Esra Akcan

Esra Akcan’s research on the modern and contemporary architecture and urbanism foregrounds the intertwined histories of Europe and West Asia. She is an Associate Professor in the Department of Architecture at Cornell University. She completed her architecture degree at the Middle East Technical University in Turkey, and her Ph.D. and postdoctoral degrees at Columbia University in New York. She taught history-theory classes and architectural design studios at the University of Illinois at Chicago, Humboldt University in Berlin, Columbia University, New School, and Pratt Institute in New York, and METU in Ankara.
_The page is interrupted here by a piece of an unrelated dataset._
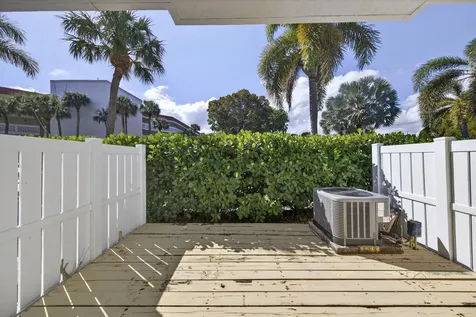1100 E Jeffrey Street Boca Raton FL 33487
Akcan received awards and fellowships from the American Academy in Berlin, University of Illinois at Chicago, Institute for Advanced Studies in Berlin (Transregional Studies Forum), Graham Foundation, Clark Institute, Getty Research Institute, Canadian Center for Architecture, CAA, Mellon Foundation, DAAD and KRESS/ARIT. She is the author of the books Architecture in Translation (Duke University Press, 2012), Turkey: Modern Architectures in History (Reaktion, 2012, with Sibel Bozdoğan), Çeviride Modern Olan (YKY, 2009) and (Land)Fill Istanbul: Twelve Scenarios for a Global City (124/3, 2004). She has also authored over a hundred articles in scholarly books and professional journals of multiple languages on contemporary theory (critical and postcolonial theory, globalization), modern and contemporary architecture in West Asia, Ottoman architectural photography, established Euro-American architects’ engagement with the Gulf States and the Middle Eastern diaspora in Europe. She is currently completing her book Open Architecture.